Ionomeric resins (such as the Surlyn.upsilon. family of resins, commercially available from E. I. DuPont de Nemours Co.) have been mainly exploited as a tough covering for sporting equipment such as golf balls, and as a heat-shrinkable plastic wrap component. In some cases, the cold temperature properties of ionomers have proved useful, as in U.S. Pat. No. 4,161,562. Ethylene-co-methacrylic acid copolymers have been blended, as in U.S. Pat. Nos. 3,445,546 and 3,869,422, and more recently U.S. Pat. No. 4,916,025. In the latter patent, Surlyn.TM. material was used only as a heat sealing outer layer, optionally blended with other resins to reduce cost. Given the recommended uses for Surlyn.TM. resins, one would not expect the filled material to act as a stand-alone conformable film.
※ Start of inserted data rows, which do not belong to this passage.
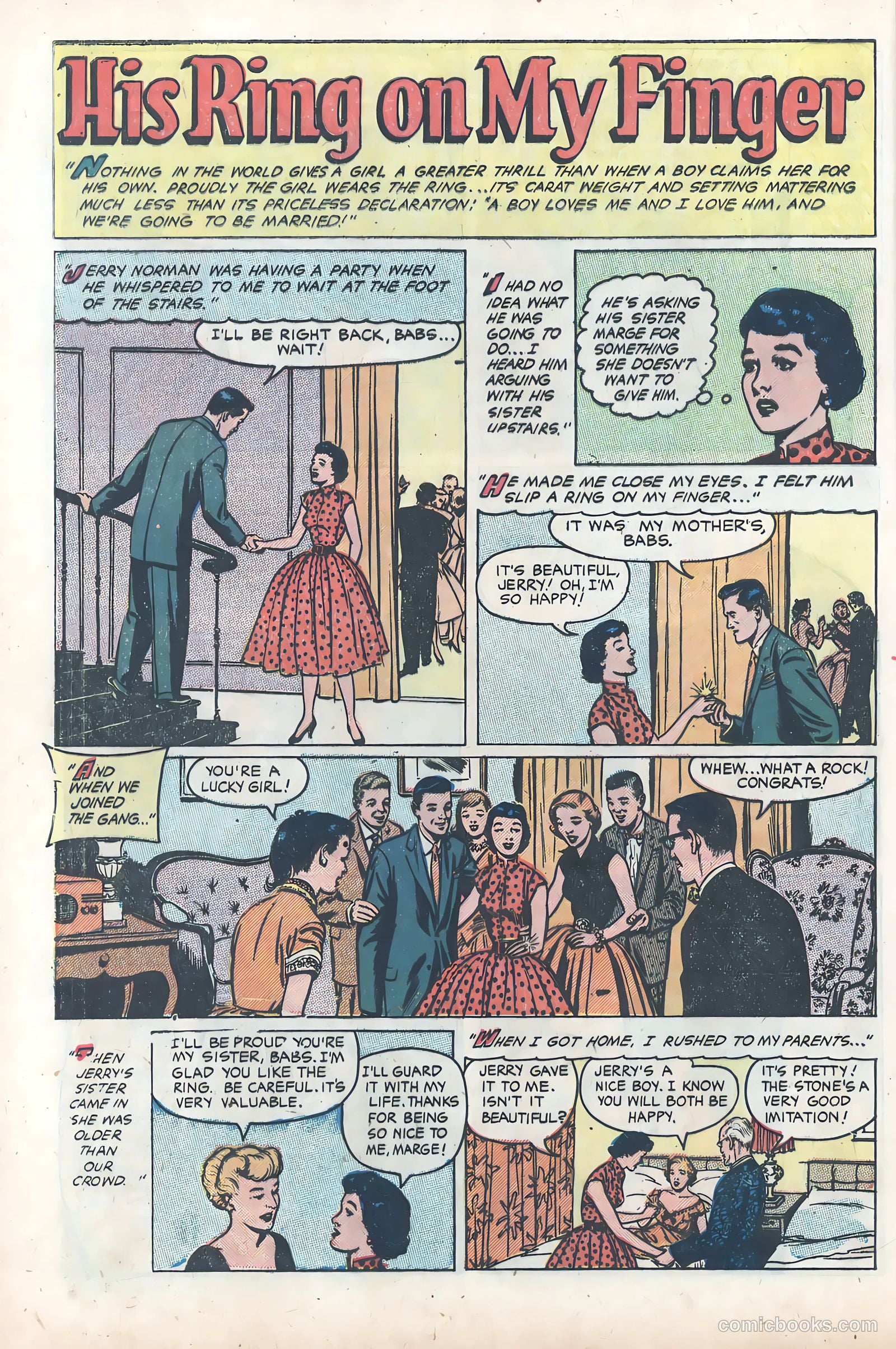 True Love Pictorial #5 — page 20 of 100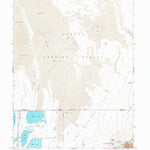 United States Geological Survey Fish Springs NE, UT (1967, 24000-Scale) digital map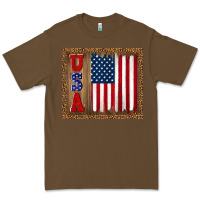 Cacao america usa flag tumbler Premium Tee - TumblerDesignByShophia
U.S. Pat. No. 4,279,344 describes a peelable, heat-sealable packaging laminate. The inner sealing layer is formed from polypropylene or polyethylene/polypropylene copolymer blended with 15-35% Surlyn.TM. ionomer. The heat-sealed Surlyn.TM. film bonds are described as hand peelable.
U.S. Pat. No. 4,835,025 describes a barrier laminate for essential oils/flavorings composed of paper substrate coated with nylon, which is coated with Surlyn.TM. resin and a coating of olefin (polyethylene) overall. The intermediate nylon or Surlyn.TM. film layer may be pigmented using a pigment such as TiO.sub.2 at 0.5-15%.
U.S. Pat. No. 4,653,752 describes a sport ball comprised of a plastic shell covered with a sewn cover. The shell is a blend of Surlyn.TM. resin with 25-50% ethylene-co-vinyl acetate (EVA). The Surlyn.TM. resin is described as providing strength and durability, while the EVA provides softness. These properties are noted for bulk-like materials such as spherical balls. Increasing EVA content leads to more rubbery, softer materials, while increasing Surlyn.TM. resin levels leads to harder, more resilient materials. With respect to additives, small amounts of other plastic polymers may be added without changing the characteristics significantly, and glass may be added as well.